What you should do:
Repeat the records below exactly, beginning at the first line and finishing with the line that contains "Second view of".

########

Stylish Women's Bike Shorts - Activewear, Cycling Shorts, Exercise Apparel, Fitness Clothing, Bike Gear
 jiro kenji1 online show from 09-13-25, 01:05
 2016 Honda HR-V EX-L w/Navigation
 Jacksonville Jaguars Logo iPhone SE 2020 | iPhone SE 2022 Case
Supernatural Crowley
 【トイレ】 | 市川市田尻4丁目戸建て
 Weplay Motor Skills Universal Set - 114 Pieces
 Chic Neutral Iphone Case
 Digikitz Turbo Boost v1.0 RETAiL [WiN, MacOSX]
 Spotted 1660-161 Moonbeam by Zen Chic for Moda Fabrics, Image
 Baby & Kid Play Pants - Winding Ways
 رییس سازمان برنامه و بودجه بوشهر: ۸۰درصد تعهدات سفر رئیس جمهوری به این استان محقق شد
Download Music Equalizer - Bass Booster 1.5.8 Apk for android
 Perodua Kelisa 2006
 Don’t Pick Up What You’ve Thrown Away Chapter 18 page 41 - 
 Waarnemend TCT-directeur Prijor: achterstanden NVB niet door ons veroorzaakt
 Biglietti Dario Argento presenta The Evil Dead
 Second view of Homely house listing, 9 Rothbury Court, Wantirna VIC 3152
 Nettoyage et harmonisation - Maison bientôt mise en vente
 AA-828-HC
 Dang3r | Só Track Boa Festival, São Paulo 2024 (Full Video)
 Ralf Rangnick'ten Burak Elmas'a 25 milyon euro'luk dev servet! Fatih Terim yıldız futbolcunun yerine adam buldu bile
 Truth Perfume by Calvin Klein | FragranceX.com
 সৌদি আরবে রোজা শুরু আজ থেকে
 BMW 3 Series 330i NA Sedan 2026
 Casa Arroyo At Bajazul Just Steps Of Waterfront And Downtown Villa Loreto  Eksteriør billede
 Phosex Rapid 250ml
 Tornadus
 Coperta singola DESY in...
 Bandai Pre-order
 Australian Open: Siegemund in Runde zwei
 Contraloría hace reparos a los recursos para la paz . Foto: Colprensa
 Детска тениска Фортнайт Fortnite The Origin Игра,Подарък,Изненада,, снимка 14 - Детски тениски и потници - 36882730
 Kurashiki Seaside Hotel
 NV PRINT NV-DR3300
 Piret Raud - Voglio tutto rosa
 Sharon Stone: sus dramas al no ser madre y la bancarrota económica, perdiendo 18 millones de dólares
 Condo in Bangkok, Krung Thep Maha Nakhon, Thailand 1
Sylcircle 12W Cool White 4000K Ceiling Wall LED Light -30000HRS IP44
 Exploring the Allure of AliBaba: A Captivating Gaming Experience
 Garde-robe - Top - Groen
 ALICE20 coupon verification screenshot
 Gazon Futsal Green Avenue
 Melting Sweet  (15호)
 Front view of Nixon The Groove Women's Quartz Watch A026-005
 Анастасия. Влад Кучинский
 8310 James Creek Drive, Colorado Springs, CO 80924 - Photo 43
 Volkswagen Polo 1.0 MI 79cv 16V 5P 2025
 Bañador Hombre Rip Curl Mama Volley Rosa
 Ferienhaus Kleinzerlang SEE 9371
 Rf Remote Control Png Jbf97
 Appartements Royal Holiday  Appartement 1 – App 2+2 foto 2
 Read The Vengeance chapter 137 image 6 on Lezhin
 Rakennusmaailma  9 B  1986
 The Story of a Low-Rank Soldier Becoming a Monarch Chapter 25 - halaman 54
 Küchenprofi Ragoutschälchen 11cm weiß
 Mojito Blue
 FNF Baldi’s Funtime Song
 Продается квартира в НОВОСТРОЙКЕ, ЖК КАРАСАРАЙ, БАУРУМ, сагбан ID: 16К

########

Problem solution:
Stylish Women's Bike Shorts - Activewear, Cycling Shorts, Exercise Apparel, Fitness Clothing, Bike Gear
 jiro kenji1 online show from 09-13-25, 01:05
 2016 Honda HR-V EX-L w/Navigation
 Jacksonville Jaguars Logo iPhone SE 2020 | iPhone SE 2022 Case
Supernatural Crowley
 【トイレ】 | 市川市田尻4丁目戸建て
 Weplay Motor Skills Universal Set - 114 Pieces
 Chic Neutral Iphone Case
 Digikitz Turbo Boost v1.0 RETAiL [WiN, MacOSX]
 Spotted 1660-161 Moonbeam by Zen Chic for Moda Fabrics, Image
 Baby & Kid Play Pants - Winding Ways
 رییس سازمان برنامه و بودجه بوشهر: ۸۰درصد تعهدات سفر رئیس جمهوری به این استان محقق شد
Download Music Equalizer - Bass Booster 1.5.8 Apk for android
 Perodua Kelisa 2006
 Don’t Pick Up What You’ve Thrown Away Chapter 18 page 41 - 
 Waarnemend TCT-directeur Prijor: achterstanden NVB niet door ons veroorzaakt
 Biglietti Dario Argento presenta The Evil Dead
 Second view of Homely house listing, 9 Rothbury Court, Wantirna VIC 3152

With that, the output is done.